Но я отвлекся… Когда эти двое стояли перед нами, я впервые ощутил, что такое насилие. Но правда, подобные ситуации потом случались не раз. Я, наверное, в детстве был жутко чувствительным, вечно всех жалко, хоть я и старался это не показывать без нужды, стыдился почему-то. Хотя чего стыдиться – без такого сочувствия я бы никогда не выбрал профессию салвера для Службы. В пятнадцать лет я как-то уже сам вот так стоял перед отрядом и доказывал свою позицию, и хотя на меня все орали, мне было нисколько не страшно и не обидно. Только досадно, что меня не понимают. К нам тогда приехали ребята из Анголы, из бывшей Зоны Развития, и хотя там уже все восстановили и построили, ситуация не совсем такая благополучная, как у нас – и экология не очень, и кое-чего не хватало. Это только сейчас на всей Земле выровнялся уровень жизни.

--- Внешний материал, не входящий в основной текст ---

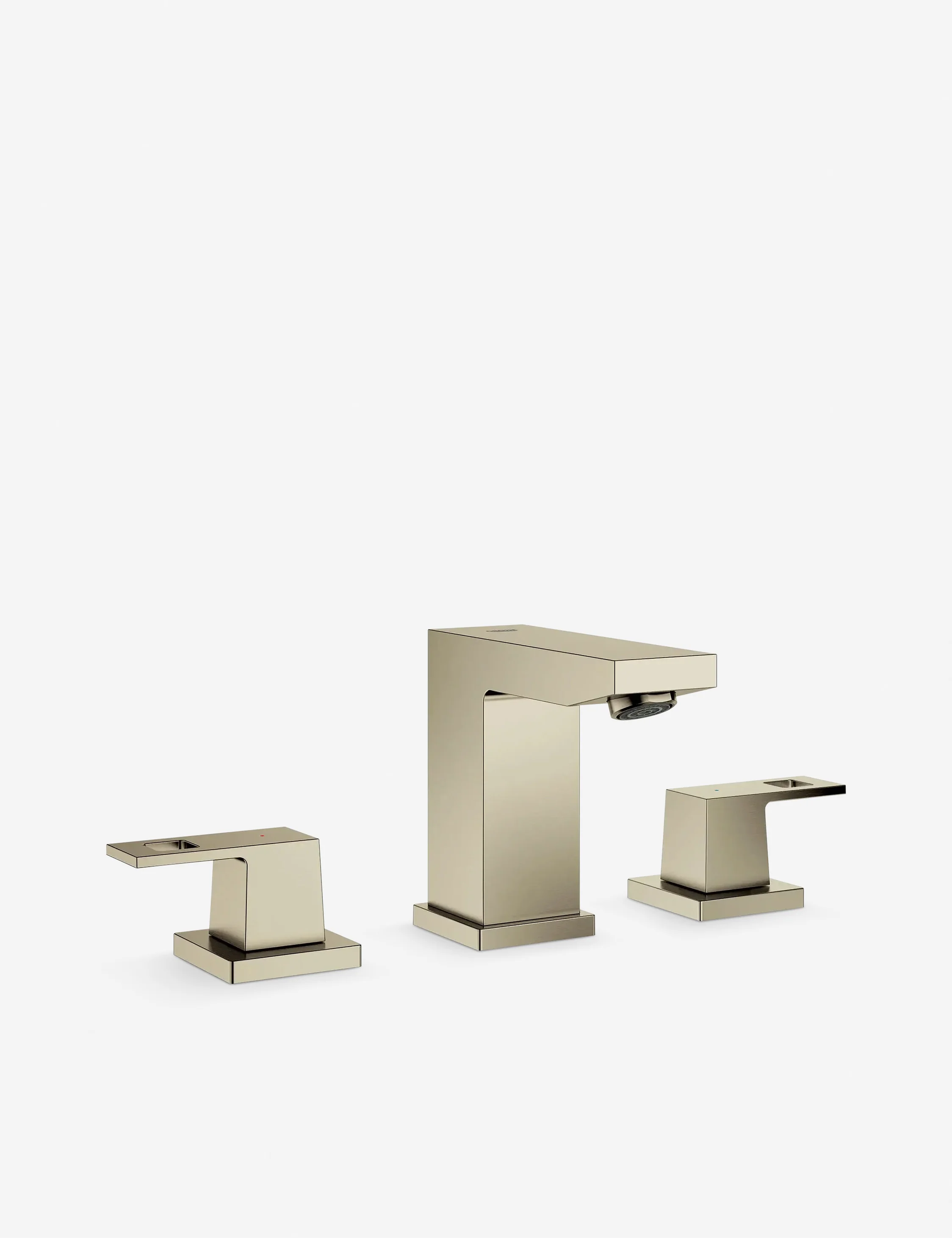 Eurocube Bathroom Faucet by Grohe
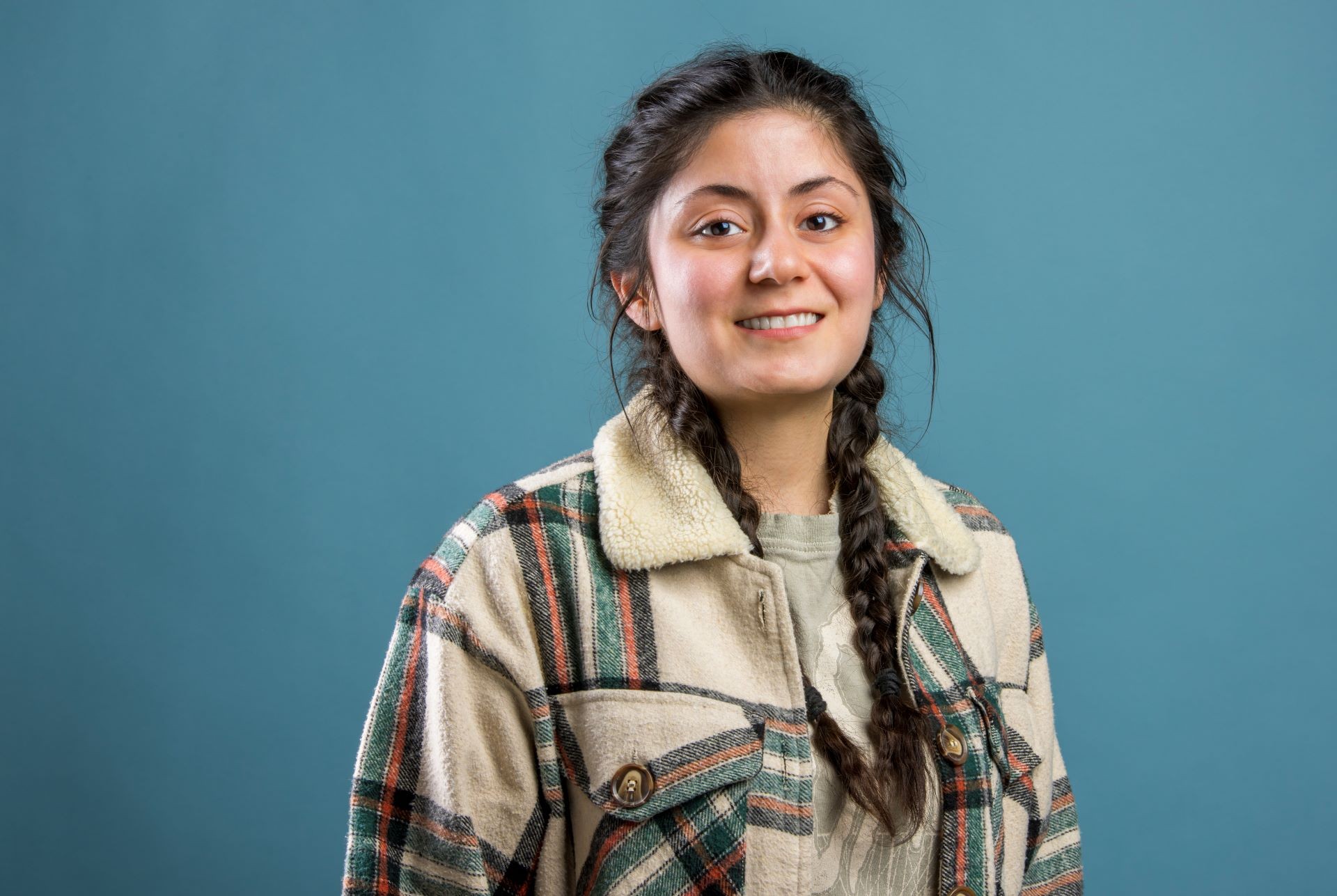 Hosna Ghorab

И вот мы в последний день разговаривали с мальчишками, и они рассказали, что у них нет роботов-погрузчиков, все руками. Я взял и отдал им наш, отрядный погрузчик. Я бы посоветовался с другими – но ангольцы ведь уже уезжали, времени впритык. И когда это всплыло – то понравилось не всем. Было разбирательство. Может, я неправильно поступил, но если посмотреть с точки зрения ангольцев – все видится иначе. Они ежедневно на строительстве вкалывают. И тяжести поднимают, а это риск для здоровья. А затребовать от местных Советов машину – неизвестно, когда дадут. Мы же получим новую в любом случае. В общем, долго все орали, спорили, но потом пришли к выводу, что может, я и не прав, но наказания не заслуживаю, и оставили все как есть. Марсела мне через два года рассказала, что тогда и заинтересовалась мной – я стоял перед всеми и смело доказывал свою точку зрения, ей понравилось. Хотя я все равно иногда думаю, что она выбрала меня тогда только из-за матери.

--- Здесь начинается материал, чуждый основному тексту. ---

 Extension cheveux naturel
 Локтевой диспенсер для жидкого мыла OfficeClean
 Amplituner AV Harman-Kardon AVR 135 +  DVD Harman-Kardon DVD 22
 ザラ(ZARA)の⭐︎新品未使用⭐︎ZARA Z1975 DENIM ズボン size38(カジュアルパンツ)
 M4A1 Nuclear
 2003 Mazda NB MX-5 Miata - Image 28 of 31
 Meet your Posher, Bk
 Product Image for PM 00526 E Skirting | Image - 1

Моя мать очень хорошо знает, что такое насилие. Она убивала. Много раз стреляли в нее. Подробностей я не знаю, она ведь не рассказывает.

Какой должна быть психология человека, хорошо знакомого с насилием, готового к нему в любой момент? Может ли Цзиньши быть в чем-то прав? Да в чем-то он, несомненно, и прав: все мы знаем, что насилие – повивальная бабка истории, что революция и Освобождение сопровождались множеством жертв с обеих сторон. Сколько их было, этих жертв?

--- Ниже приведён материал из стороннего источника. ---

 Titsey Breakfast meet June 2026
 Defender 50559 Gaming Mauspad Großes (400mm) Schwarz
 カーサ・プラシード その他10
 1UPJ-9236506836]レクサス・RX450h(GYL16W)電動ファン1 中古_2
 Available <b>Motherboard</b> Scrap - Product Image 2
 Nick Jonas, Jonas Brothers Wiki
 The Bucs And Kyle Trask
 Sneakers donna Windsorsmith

Неужели шестьсот миллионов?

Я работал с травмированными людьми, но моя мать не производила такого впечатления. Она была нормальным человеком, всегда. Смеялась, с удовольствием проводила время с многочисленными друзьями. Легкая, спортивная, мы с ней наперегонки бегали, на великах гоняли. По душам поговорить – тоже всегда пожалуйста. Обычная она, в общем, как все.

Могла ли она кого-то, например, зверски пытать? Вообще не могу такого представить. Но это ни о чем не говорит. Она кобристка. Теоретически, наверное, могла.

Есть ли границы у человека, который допускает насилие? Если он уже убил кого-то – то почему не убивать еще, и еще, и всех, кто тебе мешает – раз в принципе есть такой способ справляться с проблемами?

Мне очень, очень трудно все это понять. Я не знаю в наше время людей, способных решать свои проблемы с помощью насилия – и тем более убийства!